TASK:
The answer must be a single number: how many lines in the records below contain the word "Sport".

[Excerpts from a dataset]
########

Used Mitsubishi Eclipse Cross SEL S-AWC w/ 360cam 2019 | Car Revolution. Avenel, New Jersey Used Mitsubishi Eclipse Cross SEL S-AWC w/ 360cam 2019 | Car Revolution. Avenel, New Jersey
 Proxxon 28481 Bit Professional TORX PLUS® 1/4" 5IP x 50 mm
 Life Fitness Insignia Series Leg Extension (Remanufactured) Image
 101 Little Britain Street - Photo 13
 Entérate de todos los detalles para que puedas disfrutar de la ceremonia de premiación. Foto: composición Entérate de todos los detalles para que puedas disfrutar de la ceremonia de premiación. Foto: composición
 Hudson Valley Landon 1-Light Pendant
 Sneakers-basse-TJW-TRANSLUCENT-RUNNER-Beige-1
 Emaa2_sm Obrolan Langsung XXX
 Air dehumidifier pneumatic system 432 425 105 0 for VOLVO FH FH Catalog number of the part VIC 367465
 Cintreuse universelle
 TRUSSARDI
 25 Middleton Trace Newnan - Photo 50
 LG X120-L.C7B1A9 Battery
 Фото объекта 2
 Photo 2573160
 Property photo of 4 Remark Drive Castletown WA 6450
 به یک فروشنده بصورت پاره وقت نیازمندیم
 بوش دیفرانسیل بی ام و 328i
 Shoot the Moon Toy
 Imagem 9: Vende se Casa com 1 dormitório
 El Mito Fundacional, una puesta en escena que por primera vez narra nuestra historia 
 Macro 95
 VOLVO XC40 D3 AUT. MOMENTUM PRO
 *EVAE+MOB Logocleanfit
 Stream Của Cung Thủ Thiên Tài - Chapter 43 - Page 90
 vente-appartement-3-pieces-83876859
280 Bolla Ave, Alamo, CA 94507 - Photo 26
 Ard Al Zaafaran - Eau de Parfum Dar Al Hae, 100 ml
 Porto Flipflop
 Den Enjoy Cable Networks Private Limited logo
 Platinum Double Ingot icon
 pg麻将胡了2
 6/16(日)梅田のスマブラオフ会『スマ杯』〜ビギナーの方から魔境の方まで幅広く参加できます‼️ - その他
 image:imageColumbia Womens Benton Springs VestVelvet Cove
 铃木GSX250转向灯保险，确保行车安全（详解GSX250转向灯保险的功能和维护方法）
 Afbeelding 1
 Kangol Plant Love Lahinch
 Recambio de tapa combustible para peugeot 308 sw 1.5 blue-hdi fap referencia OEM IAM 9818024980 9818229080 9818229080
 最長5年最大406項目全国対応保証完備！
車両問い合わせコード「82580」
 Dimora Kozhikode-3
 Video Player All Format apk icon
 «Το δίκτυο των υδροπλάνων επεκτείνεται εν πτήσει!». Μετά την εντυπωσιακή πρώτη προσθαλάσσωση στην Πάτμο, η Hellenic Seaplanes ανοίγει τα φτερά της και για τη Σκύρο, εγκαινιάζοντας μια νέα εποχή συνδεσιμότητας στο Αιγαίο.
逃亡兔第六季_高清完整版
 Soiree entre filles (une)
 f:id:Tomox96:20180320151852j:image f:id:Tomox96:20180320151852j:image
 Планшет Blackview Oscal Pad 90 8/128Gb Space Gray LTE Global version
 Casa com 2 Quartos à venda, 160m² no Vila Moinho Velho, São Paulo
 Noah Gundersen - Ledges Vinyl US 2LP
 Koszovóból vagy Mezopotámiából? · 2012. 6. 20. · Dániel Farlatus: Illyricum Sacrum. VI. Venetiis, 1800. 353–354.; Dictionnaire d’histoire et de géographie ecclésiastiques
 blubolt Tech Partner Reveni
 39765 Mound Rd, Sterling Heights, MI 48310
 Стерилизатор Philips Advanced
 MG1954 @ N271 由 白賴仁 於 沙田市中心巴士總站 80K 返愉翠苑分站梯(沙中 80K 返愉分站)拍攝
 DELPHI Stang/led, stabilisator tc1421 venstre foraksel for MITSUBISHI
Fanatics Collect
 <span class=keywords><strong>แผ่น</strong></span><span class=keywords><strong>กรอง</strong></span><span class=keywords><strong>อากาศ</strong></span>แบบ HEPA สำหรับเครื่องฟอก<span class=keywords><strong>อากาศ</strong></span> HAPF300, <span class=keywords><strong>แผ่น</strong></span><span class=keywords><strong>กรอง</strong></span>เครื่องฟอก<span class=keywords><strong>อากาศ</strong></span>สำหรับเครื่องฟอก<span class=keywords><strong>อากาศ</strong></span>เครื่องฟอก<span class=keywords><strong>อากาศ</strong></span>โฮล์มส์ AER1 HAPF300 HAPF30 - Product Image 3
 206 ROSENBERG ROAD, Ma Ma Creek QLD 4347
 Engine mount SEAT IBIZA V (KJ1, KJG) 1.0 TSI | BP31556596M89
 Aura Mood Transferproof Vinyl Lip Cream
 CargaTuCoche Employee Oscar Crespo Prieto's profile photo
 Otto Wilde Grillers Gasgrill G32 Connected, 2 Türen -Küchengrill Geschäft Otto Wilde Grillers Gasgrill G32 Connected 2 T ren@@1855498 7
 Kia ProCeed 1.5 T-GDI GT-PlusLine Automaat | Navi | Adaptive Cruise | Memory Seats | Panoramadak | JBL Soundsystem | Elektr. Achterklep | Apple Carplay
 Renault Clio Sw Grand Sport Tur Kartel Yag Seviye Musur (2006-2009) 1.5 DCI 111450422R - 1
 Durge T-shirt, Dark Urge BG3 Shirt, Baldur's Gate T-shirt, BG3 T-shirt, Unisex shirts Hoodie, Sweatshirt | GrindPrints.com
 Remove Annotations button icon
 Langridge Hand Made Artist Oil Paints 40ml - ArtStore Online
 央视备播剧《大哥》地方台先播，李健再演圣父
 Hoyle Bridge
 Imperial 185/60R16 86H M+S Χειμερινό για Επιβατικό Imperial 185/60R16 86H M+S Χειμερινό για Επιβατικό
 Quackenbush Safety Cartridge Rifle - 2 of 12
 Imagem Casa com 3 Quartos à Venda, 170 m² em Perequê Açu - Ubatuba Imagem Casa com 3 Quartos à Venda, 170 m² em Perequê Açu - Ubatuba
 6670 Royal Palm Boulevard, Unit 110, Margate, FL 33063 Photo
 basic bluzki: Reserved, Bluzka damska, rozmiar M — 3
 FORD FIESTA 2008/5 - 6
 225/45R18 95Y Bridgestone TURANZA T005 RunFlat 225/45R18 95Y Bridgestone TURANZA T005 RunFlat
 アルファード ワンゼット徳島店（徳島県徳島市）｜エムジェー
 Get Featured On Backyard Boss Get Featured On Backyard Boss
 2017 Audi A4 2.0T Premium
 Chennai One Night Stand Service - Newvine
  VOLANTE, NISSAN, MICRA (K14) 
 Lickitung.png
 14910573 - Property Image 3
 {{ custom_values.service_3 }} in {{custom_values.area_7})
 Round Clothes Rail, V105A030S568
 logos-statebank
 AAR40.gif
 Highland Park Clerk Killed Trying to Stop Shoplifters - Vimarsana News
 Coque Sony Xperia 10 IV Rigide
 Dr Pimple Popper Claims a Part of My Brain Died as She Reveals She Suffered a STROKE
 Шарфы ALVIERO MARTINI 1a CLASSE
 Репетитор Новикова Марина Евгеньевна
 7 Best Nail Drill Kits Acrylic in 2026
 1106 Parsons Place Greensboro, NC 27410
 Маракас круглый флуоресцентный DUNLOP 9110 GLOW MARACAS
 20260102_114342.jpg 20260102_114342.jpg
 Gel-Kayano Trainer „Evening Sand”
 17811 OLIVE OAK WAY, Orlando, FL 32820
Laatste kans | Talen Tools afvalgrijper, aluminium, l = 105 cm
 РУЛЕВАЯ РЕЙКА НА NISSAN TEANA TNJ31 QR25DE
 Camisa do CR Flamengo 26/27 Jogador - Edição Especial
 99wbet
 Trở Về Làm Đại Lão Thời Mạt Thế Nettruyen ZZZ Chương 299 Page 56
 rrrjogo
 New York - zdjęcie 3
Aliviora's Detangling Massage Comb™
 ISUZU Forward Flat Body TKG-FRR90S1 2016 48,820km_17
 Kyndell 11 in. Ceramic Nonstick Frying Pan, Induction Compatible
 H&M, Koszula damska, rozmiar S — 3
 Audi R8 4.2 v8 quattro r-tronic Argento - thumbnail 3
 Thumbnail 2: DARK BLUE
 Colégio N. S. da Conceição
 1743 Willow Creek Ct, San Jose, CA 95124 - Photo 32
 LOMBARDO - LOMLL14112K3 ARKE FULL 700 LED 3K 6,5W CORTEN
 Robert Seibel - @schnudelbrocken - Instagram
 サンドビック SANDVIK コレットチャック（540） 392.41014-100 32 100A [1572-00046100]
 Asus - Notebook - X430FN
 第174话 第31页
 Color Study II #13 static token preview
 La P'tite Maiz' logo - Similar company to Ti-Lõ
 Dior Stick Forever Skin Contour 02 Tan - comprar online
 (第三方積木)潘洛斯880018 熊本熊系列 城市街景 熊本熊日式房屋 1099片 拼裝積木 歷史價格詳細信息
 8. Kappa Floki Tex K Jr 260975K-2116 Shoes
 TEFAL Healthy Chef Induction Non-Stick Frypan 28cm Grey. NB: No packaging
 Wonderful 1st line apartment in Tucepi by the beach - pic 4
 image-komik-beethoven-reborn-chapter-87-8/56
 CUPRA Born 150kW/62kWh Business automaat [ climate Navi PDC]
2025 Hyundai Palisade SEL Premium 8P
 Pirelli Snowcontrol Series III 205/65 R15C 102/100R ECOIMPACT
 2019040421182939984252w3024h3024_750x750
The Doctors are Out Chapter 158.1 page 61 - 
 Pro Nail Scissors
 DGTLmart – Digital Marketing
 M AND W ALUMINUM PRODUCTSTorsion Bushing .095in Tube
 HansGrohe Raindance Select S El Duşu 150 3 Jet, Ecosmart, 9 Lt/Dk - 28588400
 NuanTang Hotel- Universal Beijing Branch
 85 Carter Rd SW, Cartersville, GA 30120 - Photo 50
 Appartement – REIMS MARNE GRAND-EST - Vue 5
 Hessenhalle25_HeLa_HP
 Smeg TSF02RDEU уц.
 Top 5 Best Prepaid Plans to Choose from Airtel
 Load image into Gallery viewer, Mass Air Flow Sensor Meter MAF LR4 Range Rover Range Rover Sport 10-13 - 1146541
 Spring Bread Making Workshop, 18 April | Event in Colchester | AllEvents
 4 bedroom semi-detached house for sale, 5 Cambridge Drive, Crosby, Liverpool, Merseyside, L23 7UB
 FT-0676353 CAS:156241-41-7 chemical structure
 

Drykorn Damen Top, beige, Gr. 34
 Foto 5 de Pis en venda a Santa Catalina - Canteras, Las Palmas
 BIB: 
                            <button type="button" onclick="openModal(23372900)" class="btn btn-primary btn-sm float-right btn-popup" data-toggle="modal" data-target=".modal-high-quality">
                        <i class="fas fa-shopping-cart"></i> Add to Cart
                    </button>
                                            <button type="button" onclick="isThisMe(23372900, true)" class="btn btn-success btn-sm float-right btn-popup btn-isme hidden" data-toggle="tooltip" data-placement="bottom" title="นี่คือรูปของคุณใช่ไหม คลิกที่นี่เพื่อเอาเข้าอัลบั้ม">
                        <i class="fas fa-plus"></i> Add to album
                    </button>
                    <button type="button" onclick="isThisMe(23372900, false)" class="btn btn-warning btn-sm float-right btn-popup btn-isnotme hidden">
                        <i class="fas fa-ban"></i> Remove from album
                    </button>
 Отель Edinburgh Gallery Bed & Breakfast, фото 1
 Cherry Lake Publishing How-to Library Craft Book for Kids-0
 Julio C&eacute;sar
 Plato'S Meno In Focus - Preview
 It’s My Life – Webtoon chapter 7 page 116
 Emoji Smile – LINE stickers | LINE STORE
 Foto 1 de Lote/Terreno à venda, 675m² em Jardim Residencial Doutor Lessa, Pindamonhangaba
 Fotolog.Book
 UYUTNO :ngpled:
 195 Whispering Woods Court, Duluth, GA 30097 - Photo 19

########

WRITTEN REPLY:
2